[Start of Attachment]

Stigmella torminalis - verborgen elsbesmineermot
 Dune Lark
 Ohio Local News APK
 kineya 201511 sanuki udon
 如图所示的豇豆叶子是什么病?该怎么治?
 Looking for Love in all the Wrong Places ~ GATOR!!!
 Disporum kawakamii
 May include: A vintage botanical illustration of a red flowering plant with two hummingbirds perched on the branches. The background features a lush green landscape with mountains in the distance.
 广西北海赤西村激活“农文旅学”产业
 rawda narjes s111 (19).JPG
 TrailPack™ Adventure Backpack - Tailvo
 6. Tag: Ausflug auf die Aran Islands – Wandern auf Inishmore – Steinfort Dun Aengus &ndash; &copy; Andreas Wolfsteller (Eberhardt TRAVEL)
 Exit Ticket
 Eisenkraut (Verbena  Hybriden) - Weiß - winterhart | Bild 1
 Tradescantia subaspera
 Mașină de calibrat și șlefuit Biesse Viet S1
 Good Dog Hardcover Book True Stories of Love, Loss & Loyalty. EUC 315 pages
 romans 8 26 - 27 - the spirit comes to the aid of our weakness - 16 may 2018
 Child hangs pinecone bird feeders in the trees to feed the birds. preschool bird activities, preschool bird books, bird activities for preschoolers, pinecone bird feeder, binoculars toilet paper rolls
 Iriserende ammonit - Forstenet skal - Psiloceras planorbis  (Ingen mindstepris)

[End of Attachment]

**EXERCISE OBJECTIVE**
How many lines of the data include the word "Love"? Reply with the number and nothing else.

**ANSWER FOR THIS EXERCISE**
2